Crawling image folders / crawl allowance
-
We recently removed /img and /imgp from our robots.txt file thus allowing googlebot to crawl our image folders. Not sure why we had these blocked in the first place, but we opened them up in response to an email from Google Product Search about not being able to crawl images - which can/has hurt our traffic from Google Shopping.
My question is: will allowing Google to crawl our image files eat up our 'crawl allowance'? We wouldn't want Google to not crawl/index certain pages, and ding our organic traffic, because more of our allotted crawl bandwidth is getting chewed up crawling image files.
Outside of the non-detailed crawl stat graphs from Webmaster Tools, what's the best way to check how frequently/ deeply our site is getting crawled?
Thanks all!
-
I did this accidentally as well recently and had 100% of my products disallowed from google shopping within 48 hours. Sounds like it's not an option. They need the crawl your images folder to make sure you have valid images in you product listings.
-
if your rankings are improving, then good move!
-
Hey Richard,
We were previously blocking googlebot from crawling our images at all (through disallowing /img/ and /imgp/ in robots.txt file. We removed this block after recieving this email from Google:
Thank you for participating in Google Product Search. It has come to our attention that a robots.txt file is preventing us from crawling some or all of the images on your site. In order for us to access and display the images you provide in your product listings, we'd like you to modify your robots.txt file to allow user-agent 'googlebot' to crawl your site.

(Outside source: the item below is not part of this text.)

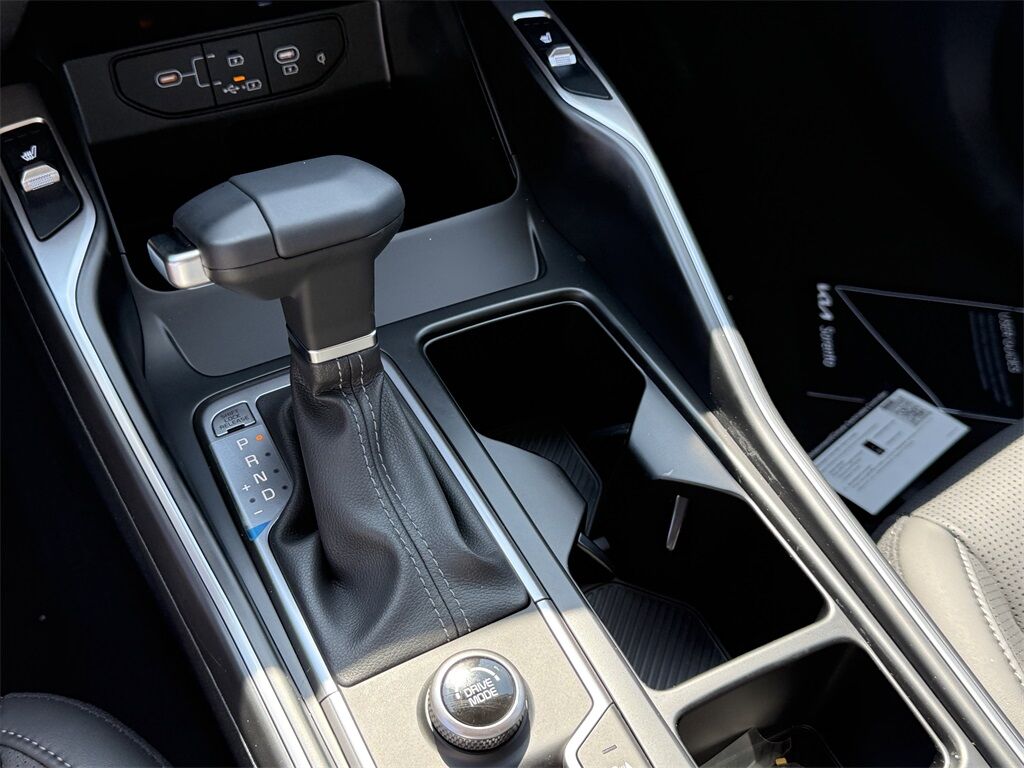 2026 Kia Sorento EX San Clemente CA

_Failure for Google to access your images may affect the visibility of your items on Google Product Search and Product Ad results. _
While I totally agree that image traffic will not convert like standard traffic, it is free and who knows, we may just pick up a few sales from it. Of course if this comes at the cost of eating up a disproportionate amount of our crawl allowance relative to the value (or avoiding any penalties from Google Product Search) we'd be better off leaving the block on.
By way of an update, it looks like our rankings have started to improve in Google product search. We first experienced a drop in rankings and traffic from Product Search on 4/16 and removed the block from robots.txt on 4/22.
-
Why do you need Google to reach inside your img folder? Images display on the page and are indexed then. Sure, if you are selling images, then I can see the need for this, but to just crawl the img folder??

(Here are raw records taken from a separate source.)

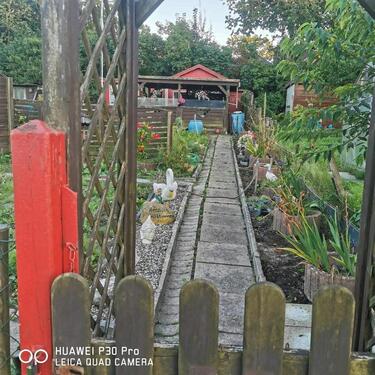 Foto - Schrebergarten zu verpachten - 4.500,00 EUR Kaltmiete, ca.  0,00 m²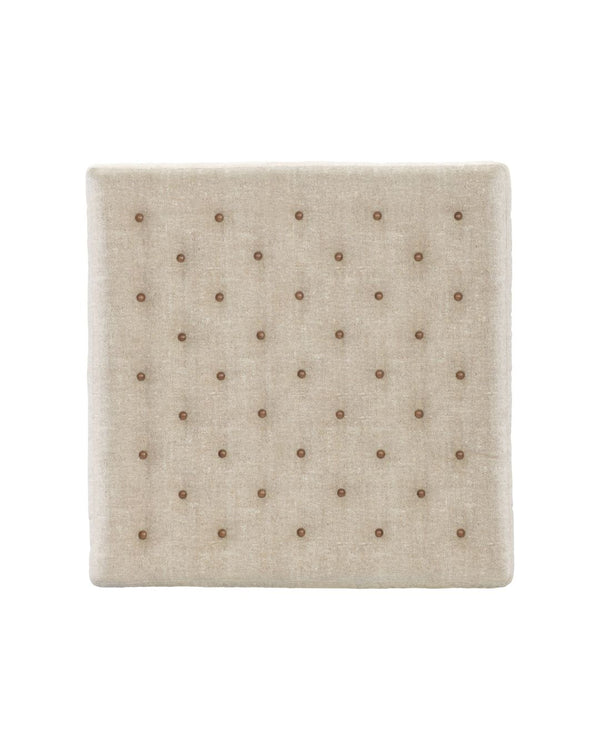 Riley Square Ottoman
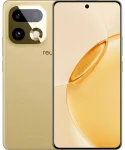 Realme 16 Pro 5G Viedtālrunis DS / 8GB / 256GB Gold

If it is not huge, I do not see it penalizing you. I would make sure all images are named using keywords as crawling pic001.jpg, pic002.jpg, product01.jpg, logo.gif will not do you any good anyway.
Also I find bad linking coming from Google image searches. No one searches to purchase a coffee cup and looks in Google images to do so. Conversely, if someone is searching images of coffee cups to use in whatever, having them click over to your site is a waste of time. They are just going to grab the image and go leaving your metrics a mess.
I hope that helps.
-
It may effect crawl allowance but depends on the size of your site, page rank and trust etc.
One of the best ways to determine crawl depth and whether you have any issues is to create separate sitemaps for your most important content or areas of your site. You could also create an image sitemap.
Then you can monitor these over time and and will give you a good picture of which content is being crawled and indexed well and which content/images are not. This may also help you to find out if the site structure is too deep or whether you need to link more to deeper content in order to improve crawling and indexation.
Hope this helps.
-
Personally, I wouldn't try to figure out the impact by looking at crawl stats. I'd be more focused on end results. Have we had an increase in organic traffic, or conversions from Google shopping since we opened it up, or has either of these gone down?
That's what matters, and is the only real indicator as to whether it was a wise move or not.
-
You could check your server stats on who is accessing your site, this should tell you what bots are going to your pages when. I don't know what control panel you are using for your site, but if you are using Cpanel, I am sure there are tutorials online to help you find this information.
Got a burning SEO question?
Subscribe to Moz Pro to gain full access to Q&A, answer questions, and ask your own.
Browse Questions
Explore more categories
-
Moz Tools
Chat with the community about the Moz tools.
-
SEO Tactics
Discuss the SEO process with fellow marketers
-
Community
Discuss industry events, jobs, and news!
-
Digital Marketing
Chat about tactics outside of SEO
-
Research & Trends
Dive into research and trends in the search industry.
-
Support
Connect on product support and feature requests.
Related Questions
-
Accessibility / display none
Hello, Does anyone ever had a problem with display none portion of a page made for accessibility? (Jaws reader/ NVDA) Thank You.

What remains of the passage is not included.